A new law in Spain establishes a regime that goes beyond pure tax incentives, and could represent Spain's entry into the race to be the jurisdiction with most favourable taxation for debt issues.
Law 19/2003, on a New Regime for Capital Transfers, International Economic Transactions and Prevention of Money Laundering came into force on July 4 and its main focus is on tax.
The new law includes an Additional Disposition, (Disposición Adicional segunda - AD 2nd ) to Law 13/1985 establishing the outlines and the tax regime for preference shares (participaciones preferentes - PPs). This is a concept alluded to for the first time in article 7 of Law 13/1985 (as amended by Law 44/2002), that enumerates the different components of the net equity of credit institutions (instituciones de crédito). PPs are one of these components.
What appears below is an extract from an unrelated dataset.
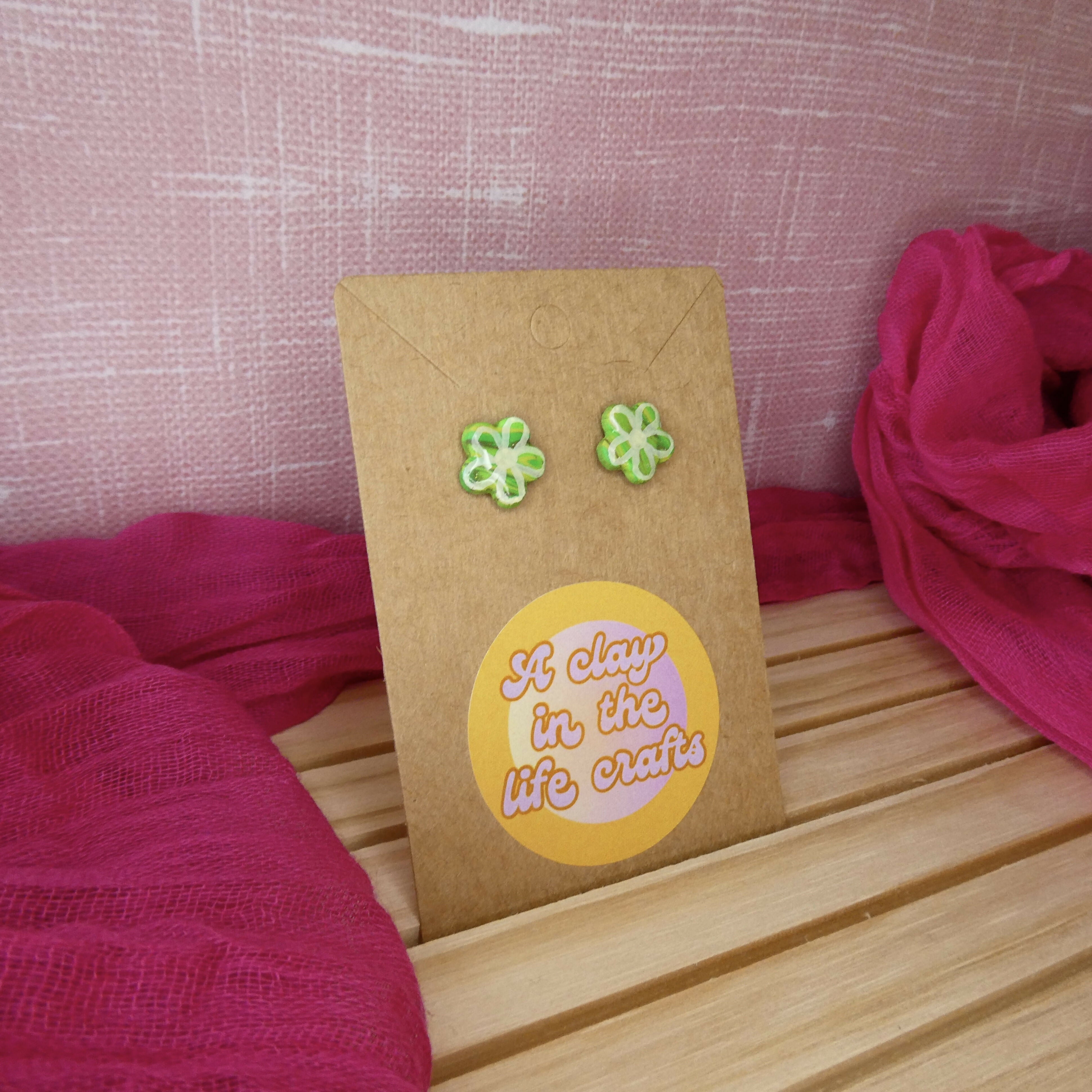 Swirly Green Polymer Clay Stud Earrings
PPs must fulfill the following requirements to be eligible for the tax benefits:
PPs must be issued by a credit institution or by a legal entity, residing either in Spain or in the EU (excepting tax havens), provided that its voting rights fully correspond, either directly or indirectly, to a credit institution controlling a group or subgroup of credit institutions and whose exclusive corporate purpose and activity would be to issue PPs. The group or subgroup of credit institutions must be capable of providing consolidated accounts.
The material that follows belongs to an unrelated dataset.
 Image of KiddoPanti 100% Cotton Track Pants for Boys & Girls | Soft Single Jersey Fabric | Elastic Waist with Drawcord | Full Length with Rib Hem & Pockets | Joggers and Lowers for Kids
When the debt is issued by an affiliate, the financial resources obtained must be deposited in the controlling credit institution or in another company belonging to its group, and the deposit can only be used, once the issue and administration expenses have been deducted, for the compensation of losses or for the general restructuring of the controlloing entity or of its consolidated group, once all the reserves have been consumed and the outstanding capital has been reduced to zero.
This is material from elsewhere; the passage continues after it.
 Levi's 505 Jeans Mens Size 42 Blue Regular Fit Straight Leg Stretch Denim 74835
PPs are entitled to the perception of a pre-established remuneration of a non-cumulative kind, which will always be dependent on the existence of distributable profits in the controlling entity or in the consolidated group or subgroup.
No voting rights are allocated to PPs unless this has been established as a exception.
PPs do not grant preferential subscription rights in regards to new issues. They are in principle perpetual, but may be amortized after five years with authorization from the Bank of Spain.
PPs will be quoted in official secondary markets, will not exceed 30% of net equity of the relevant issuer´s group and in the case of winding up or of other similar cases in which a specific order of priority of credit recovering is established by the law, the position of PPs holders will be subordinated to the remaining creditors, even to the subordinated ones and prior to the shareholders or to the quota-participants. PPs will only be entitled to recover nominal value plus accrued remunerations pending payment.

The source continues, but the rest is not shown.